Noah Warren of New Orleans has won the 2015 Yale Series of Younger Poets Prize for his debut poetry collection, The Destroyer in the Glass. He will receive a fellowship at the James Merrill House in Stonington, Connecticut, and his collection will be published by Yale University Press in April 2016. The annual prize is given for a debut poetry collection by a poet under the age of 40.
Carl Phillips, the series judge since 2011, chose Warren’s manuscript from over five hundred entries. “The Destroyer in the Glass impresses at once with its wedding of intellect, heart, sly humor, and formal dexterity, all in the service of negotiating those moments when an impulse toward communion with others competes with an instinct for a more isolated self,” says Phillips. “The poems both examine and embody the nexus of joy and sorrow, of certainty and confusion, without which there’d be none of the restlessness that makes us uniquely human.”

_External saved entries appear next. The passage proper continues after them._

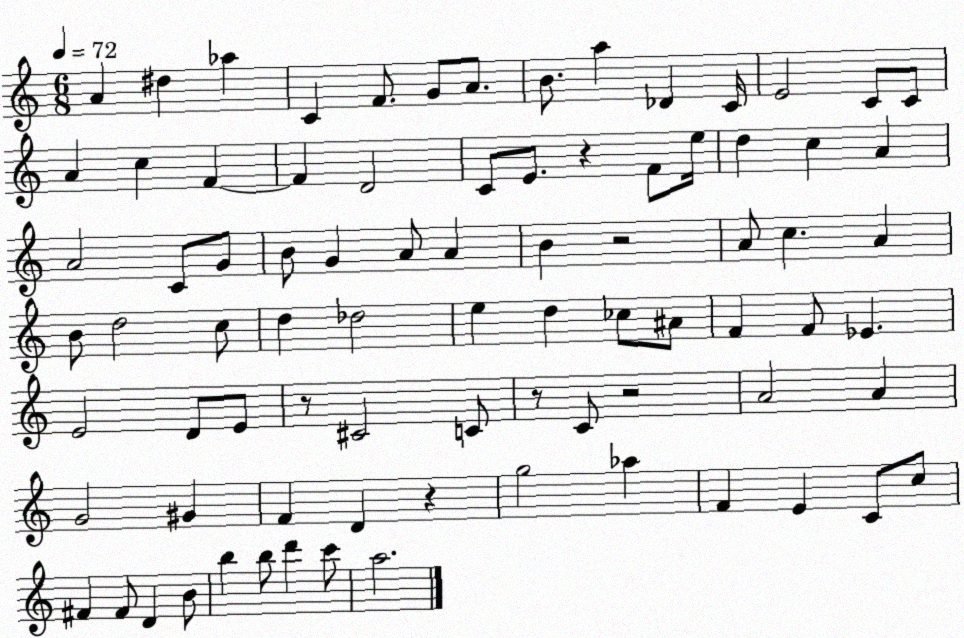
X:1
T:Untitled
M:6/8
L:1/4
K:C
A ^d _a C F/2 G/2 A/2 B/2 a _D C/4 E2 C/2 C/2 A c F F D2 C/2 E/2 z F/2 e/4 d c A A2 C/2 G/2 B/2 G A/2 A B z2 A/2 c A B/2 d2 c/2 d _d2 e d _c/2 ^A/2 F F/2 _E E2 D/2 E/2 z/2 ^C2 C/2 z/2 C/2 z2 A2 A G2 ^G F D z g2 _a F E C/2 c/2 ^F ^F/2 D B/2 b b/2 d' c'/2 a2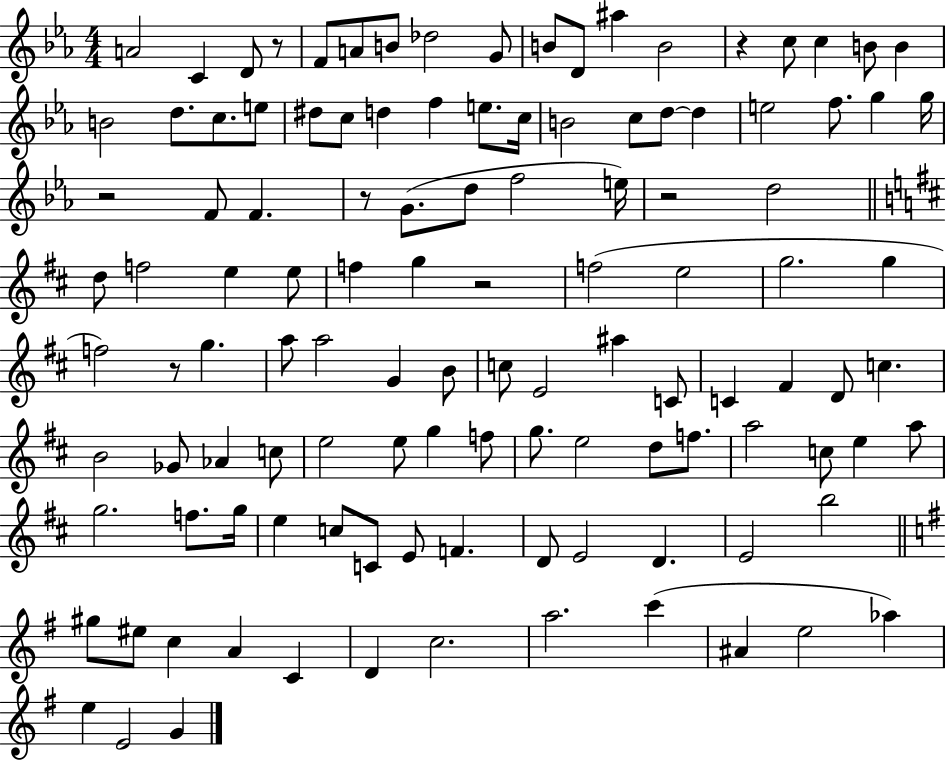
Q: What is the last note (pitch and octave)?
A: G4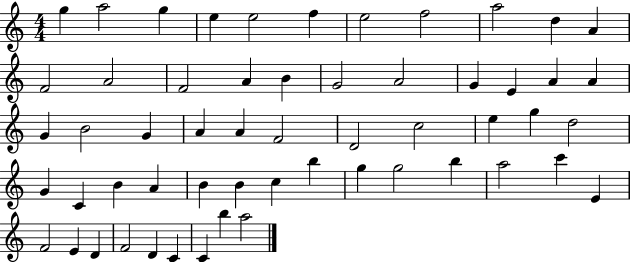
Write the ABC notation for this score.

X:1
T:Untitled
M:4/4
L:1/4
K:C
g a2 g e e2 f e2 f2 a2 d A F2 A2 F2 A B G2 A2 G E A A G B2 G A A F2 D2 c2 e g d2 G C B A B B c b g g2 b a2 c' E F2 E D F2 D C C b a2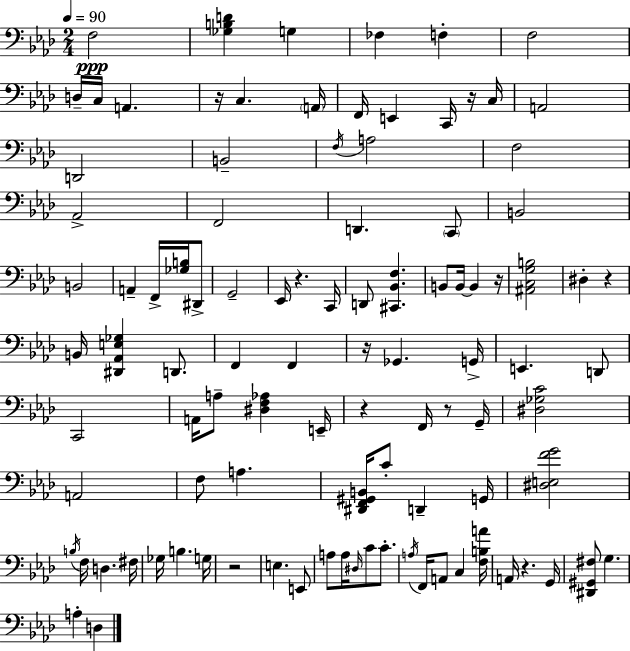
{
  \clef bass
  \numericTimeSignature
  \time 2/4
  \key aes \major
  \tempo 4 = 90
  \repeat volta 2 { f2\ppp | <ges b d'>4 g4 | fes4 f4-. | f2 | \break d16-- c16 a,4. | r16 c4. \parenthesize a,16 | f,16 e,4 c,16 r16 c16 | a,2 | \break d,2 | b,2-- | \acciaccatura { f16 } a2 | f2 | \break aes,2-> | f,2 | d,4. \parenthesize c,8 | b,2 | \break b,2 | a,4-- f,16-> <ges b>16 dis,8-> | g,2-- | ees,16 r4. | \break c,16 d,8 <cis, bes, f>4. | b,8 b,16~~ b,4 | r16 <ais, c g b>2 | dis4-. r4 | \break b,16 <dis, aes, e ges>4 d,8. | f,4 f,4 | r16 ges,4. | g,16-> e,4. d,8 | \break c,2 | a,16 a8-- <dis f aes>4 | e,16-- r4 f,16 r8 | g,16-- <dis ges c'>2 | \break a,2 | f8 a4. | <dis, f, gis, b,>16 c'8-. d,4-- | g,16 <dis e f' g'>2 | \break \acciaccatura { b16 } f16 d4. | fis16 ges16 b4. | g16 r2 | e4. | \break e,8 a8 a16 \grace { dis16 } c'8 | c'8.-. \acciaccatura { a16 } f,16 a,8 c4 | <f b a'>16 a,16 r4. | g,16 <dis, gis, fis>8 g4. | \break a4-. | d4 } \bar "|."
}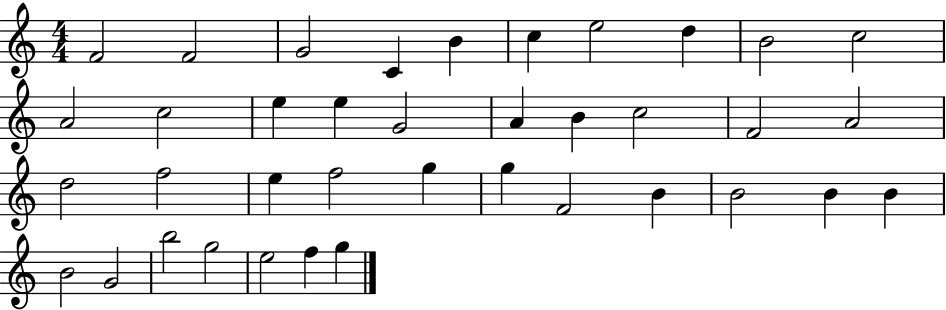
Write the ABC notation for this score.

X:1
T:Untitled
M:4/4
L:1/4
K:C
F2 F2 G2 C B c e2 d B2 c2 A2 c2 e e G2 A B c2 F2 A2 d2 f2 e f2 g g F2 B B2 B B B2 G2 b2 g2 e2 f g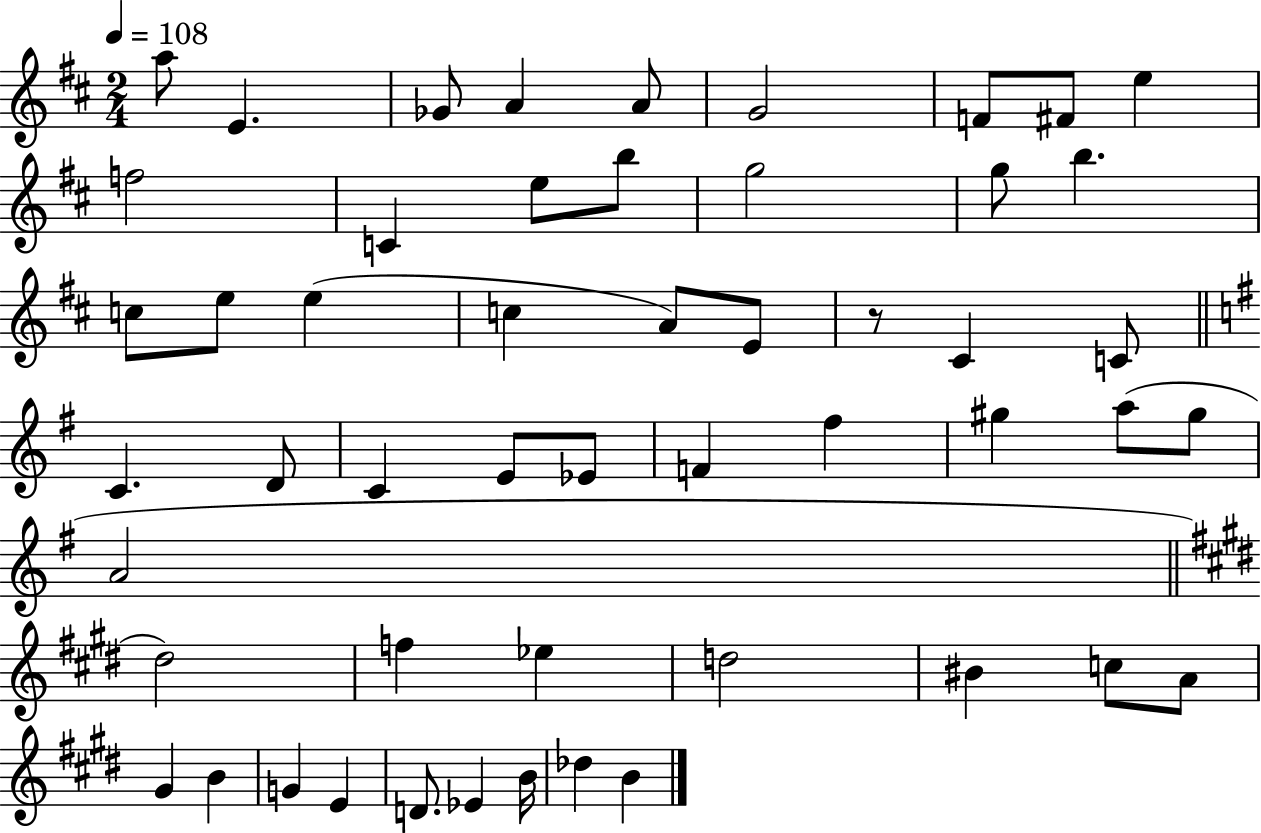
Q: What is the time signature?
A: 2/4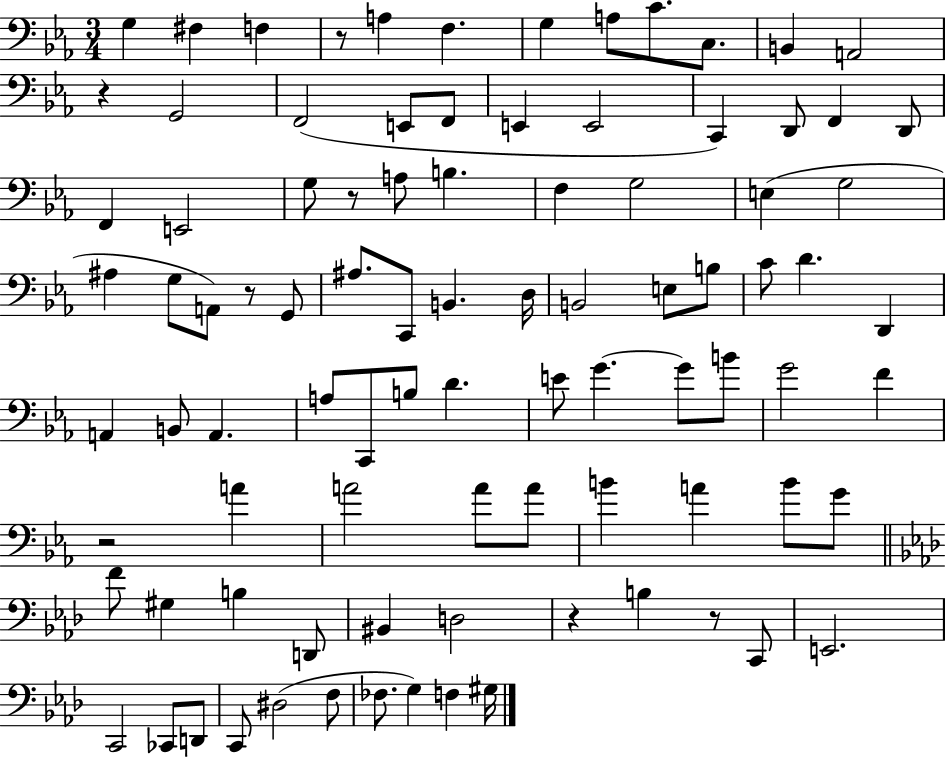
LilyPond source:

{
  \clef bass
  \numericTimeSignature
  \time 3/4
  \key ees \major
  g4 fis4 f4 | r8 a4 f4. | g4 a8 c'8. c8. | b,4 a,2 | \break r4 g,2 | f,2( e,8 f,8 | e,4 e,2 | c,4) d,8 f,4 d,8 | \break f,4 e,2 | g8 r8 a8 b4. | f4 g2 | e4( g2 | \break ais4 g8 a,8) r8 g,8 | ais8. c,8 b,4. d16 | b,2 e8 b8 | c'8 d'4. d,4 | \break a,4 b,8 a,4. | a8 c,8 b8 d'4. | e'8 g'4.~~ g'8 b'8 | g'2 f'4 | \break r2 a'4 | a'2 a'8 a'8 | b'4 a'4 b'8 g'8 | \bar "||" \break \key aes \major f'8 gis4 b4 d,8 | bis,4 d2 | r4 b4 r8 c,8 | e,2. | \break c,2 ces,8 d,8 | c,8 dis2( f8 | fes8. g4) f4 gis16 | \bar "|."
}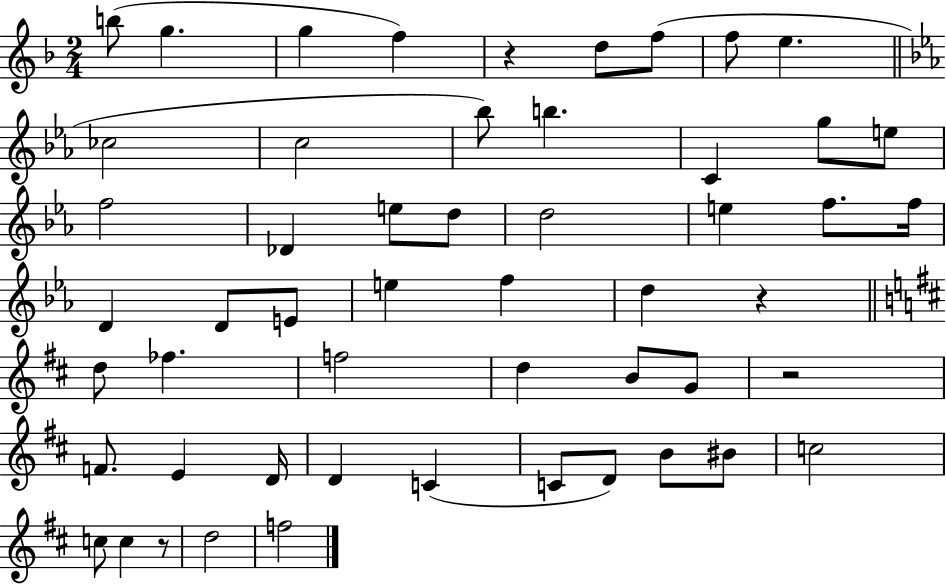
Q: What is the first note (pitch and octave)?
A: B5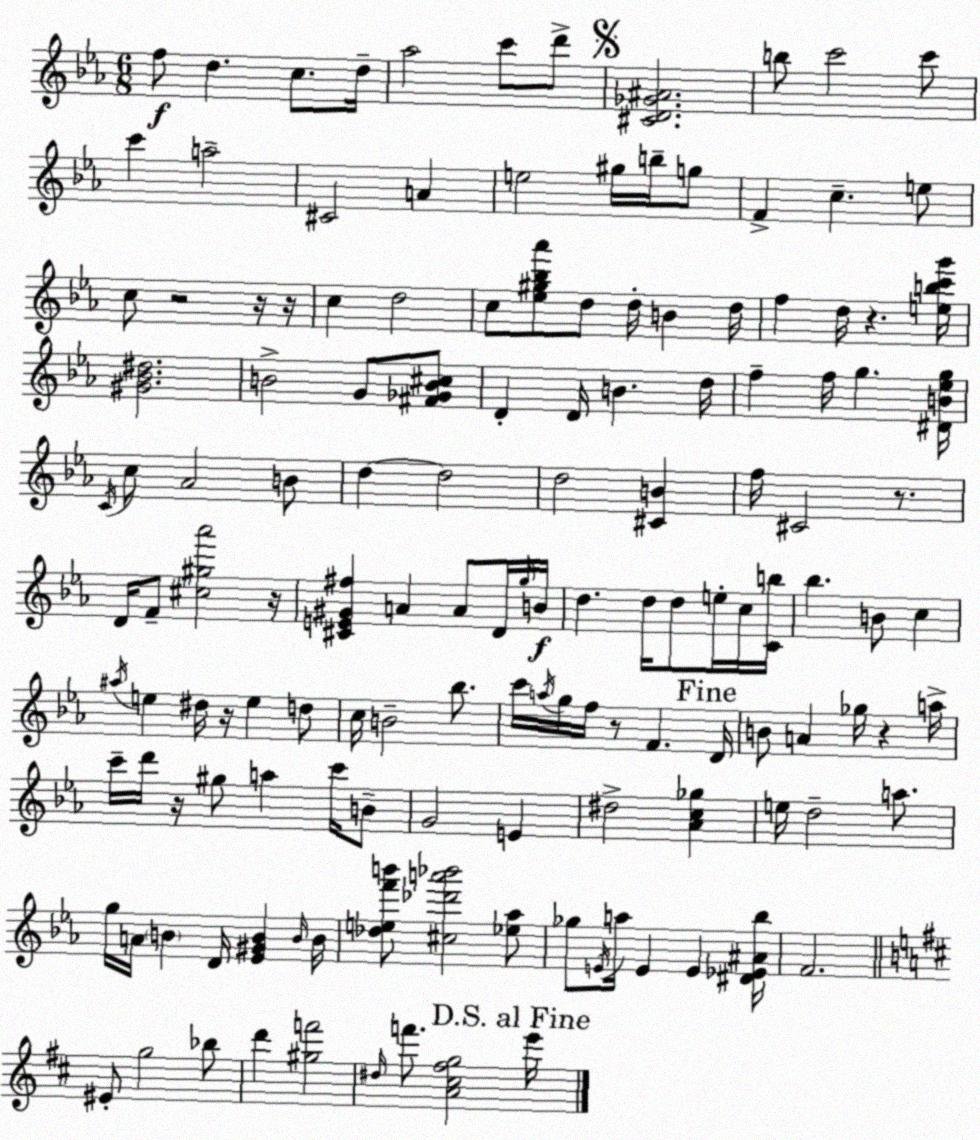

Warren, who was born in Antigonish, Nova Scotia, graduated from Yale University in 2011. He is the recipient of Yale University’s Frederick Mortimer Clapp Fellowship, and has published work in AGNI, Poetry, the Southern Review, and the Yale Review.
Warren is the 110th winner of the Yale Series of Younger Poets Prize, which is the oldest poetry prize in the United States. Past winners include John Ashbery, Jack Gilbert, Robert Hass, Adrienne Rich, and Jean Valentine. Ansel Elkins won in 2014 for her collection, Blue Yodel, forthcoming from Yale University Press in March.